I knew vaguely where my maternal great-grandparents
lived in St Mary’s Bay; in London Street and Dublin Street, but only remember
seeing their houses from the outside.
They were nineteenth century two-storeyed wooden
houses, one with a high flagpole flying the New Zealand flag, and both
overlooking the Bay where the Bigelow family operated its ship-building yard,
and where the motorway to the Harbour Bridge now runs.

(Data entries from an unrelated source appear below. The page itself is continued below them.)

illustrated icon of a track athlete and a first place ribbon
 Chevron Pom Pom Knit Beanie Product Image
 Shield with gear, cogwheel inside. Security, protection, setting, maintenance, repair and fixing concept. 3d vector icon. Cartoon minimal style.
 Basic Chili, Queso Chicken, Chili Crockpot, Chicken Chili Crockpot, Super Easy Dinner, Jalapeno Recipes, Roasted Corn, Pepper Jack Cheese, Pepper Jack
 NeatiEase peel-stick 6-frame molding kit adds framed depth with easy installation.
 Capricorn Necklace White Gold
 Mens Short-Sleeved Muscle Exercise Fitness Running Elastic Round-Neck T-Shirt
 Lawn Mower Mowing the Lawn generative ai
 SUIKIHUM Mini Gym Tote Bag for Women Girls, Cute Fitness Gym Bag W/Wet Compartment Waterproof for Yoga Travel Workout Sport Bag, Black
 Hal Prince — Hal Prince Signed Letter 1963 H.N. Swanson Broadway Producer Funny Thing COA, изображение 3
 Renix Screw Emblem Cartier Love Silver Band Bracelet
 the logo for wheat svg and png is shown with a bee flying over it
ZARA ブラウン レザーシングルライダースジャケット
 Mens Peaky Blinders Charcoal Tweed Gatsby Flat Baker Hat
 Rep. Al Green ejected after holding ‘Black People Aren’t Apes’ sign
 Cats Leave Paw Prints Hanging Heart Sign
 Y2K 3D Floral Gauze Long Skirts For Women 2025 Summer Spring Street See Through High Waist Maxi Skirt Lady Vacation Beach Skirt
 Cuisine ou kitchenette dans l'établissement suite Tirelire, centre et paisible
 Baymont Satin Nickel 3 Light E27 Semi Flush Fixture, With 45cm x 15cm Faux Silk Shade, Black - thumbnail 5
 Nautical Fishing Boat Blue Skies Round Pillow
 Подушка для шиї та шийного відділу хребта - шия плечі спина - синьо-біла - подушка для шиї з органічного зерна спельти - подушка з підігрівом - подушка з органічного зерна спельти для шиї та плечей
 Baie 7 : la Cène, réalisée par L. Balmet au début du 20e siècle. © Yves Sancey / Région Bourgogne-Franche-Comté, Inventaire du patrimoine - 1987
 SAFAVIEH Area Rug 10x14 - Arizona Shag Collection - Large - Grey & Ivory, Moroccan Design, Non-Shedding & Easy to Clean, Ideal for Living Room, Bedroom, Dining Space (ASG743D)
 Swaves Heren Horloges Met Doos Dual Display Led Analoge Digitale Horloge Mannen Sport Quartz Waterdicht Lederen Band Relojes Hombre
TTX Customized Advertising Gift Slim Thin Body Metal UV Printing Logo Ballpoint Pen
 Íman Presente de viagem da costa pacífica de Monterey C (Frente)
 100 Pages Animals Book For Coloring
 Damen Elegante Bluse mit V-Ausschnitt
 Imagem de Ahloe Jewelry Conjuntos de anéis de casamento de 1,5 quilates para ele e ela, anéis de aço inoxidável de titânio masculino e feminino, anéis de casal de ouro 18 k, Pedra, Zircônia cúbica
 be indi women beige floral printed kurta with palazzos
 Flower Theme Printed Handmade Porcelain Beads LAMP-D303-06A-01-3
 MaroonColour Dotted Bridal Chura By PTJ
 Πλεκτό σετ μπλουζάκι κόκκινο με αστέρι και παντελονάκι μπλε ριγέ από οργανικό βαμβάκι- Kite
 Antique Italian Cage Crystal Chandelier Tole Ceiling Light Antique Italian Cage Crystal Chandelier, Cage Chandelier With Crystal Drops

Occasionally I would stay with Grandpa Bigelow in Banks Street , Mt
Eden. He lived in a house that his
father-in-law had built for them all to live together when the family shifted
from New Plymouth to Auckland
in 1912.
Especially when there was an election, I would stay
with Grandpa and listen avidly to the radio reports, giving the progress
results of the vote-counting, and helping Grandpa write them on the chart
provided by the Herald. Those were the days of the Labour Government during the
war and I can still remember vividly Grandpa’s disgust each time the Labour
Party won another seat.
This house has since been demolished.
In school holidays we often went to spend a week or so
at the Gaze bach at Milford , in Prospect
Terrace, overlooking the Wairau estuary, the Pirate Shippe, and Milford Beach and Rangitoto. We could see the
lighthouse and watch its light flashing at night.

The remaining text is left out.